Enrico Donati (February 19, 1909 – April 25, 2008) was an Italian-American
Surrealist painter and sculptor.
Life and work
Enrico Donati studied economics at the Università degli Studi,
Pavia, and in 1934 moved to the USA, where he attended the
New School for Social Research and the
Art Students League of New York. His first one-man shows were in New York in 1942, at the New School for Social Research and the Passedoit Gallery. At this stage he was clearly drawn to
Surrealism. This was reinforced by meeting
André Breton and coming into contact with
Marcel Duchamp and the other European Surrealists in New York at the time. A typical work of this period, St Elmo’s Fire (1944; New York,
MoMA), contains strange organic formations suggestive of underwater life.
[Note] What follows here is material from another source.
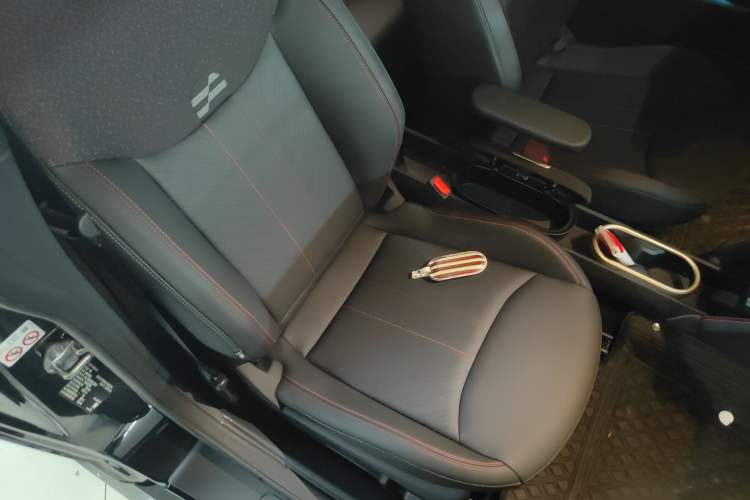 Used MINI Electric COOPER 2025 452km COOPER SE Spring by the Sea Limited Edition Right Front Seat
Donati was one of the organizers of the Exposition Internationale du Surréalisme held in
Paris in the summer of 1947, to which he contributed a painting and two sculptures. In the late 1940s he responded to the crisis in
Surrealism by going through a
Constructivist phase, from which he developed a
calligraphic style and drew onto melted tar, or diluted
paint with
turpentine. He also became associated with
Spatialism, founded by
Lucio Fontana. Thus began his long fascination with surface and texture, including mixing paint with dust, that culminated in the 1950s in his Moonscapes, a series that has similarities with the work of
Dubuffet. The fossil became a major theme for Donati through the 1960s, and he gave new importance to color in his Fossil works, for example in Red Yellow Fossil (1964;
Miami, Hills Col., see Selz, p. 19). In 1961, he was given a major retrospective at the Palais des Beaux-Arts in Brussels and frequently exhibited at group shows in the USA and elsewhere. He held a number of important teaching and advisory posts, including Visiting Lecturer at
Yale University (1962–1972).
Death
Considered by some in the art world to be one of the last of the
Surrealists, Enrico Donati died in his home in
Manhattan on April 25, 2008, aged 99. Donati's health had been failing since involved, as a passenger, in a taxi accident in July 2007. He eventually succumbed to complications sustained from his injuries.
Finding Aid for Enrico Donati letters received and manuscripts at the Getty Research Institute, Los Angeles, Accession No. 940120. The collection consist of circa 200 letters received from galleries, museums, and artists, four manuscripts, and circa 20 printed items primarily relate to the Surrealist retrospective "Le Surrealisme en 1947" curated by Andrei Breton and Marcel Duchamp and held at the Galerie Maeght in Paris, July–August 1947.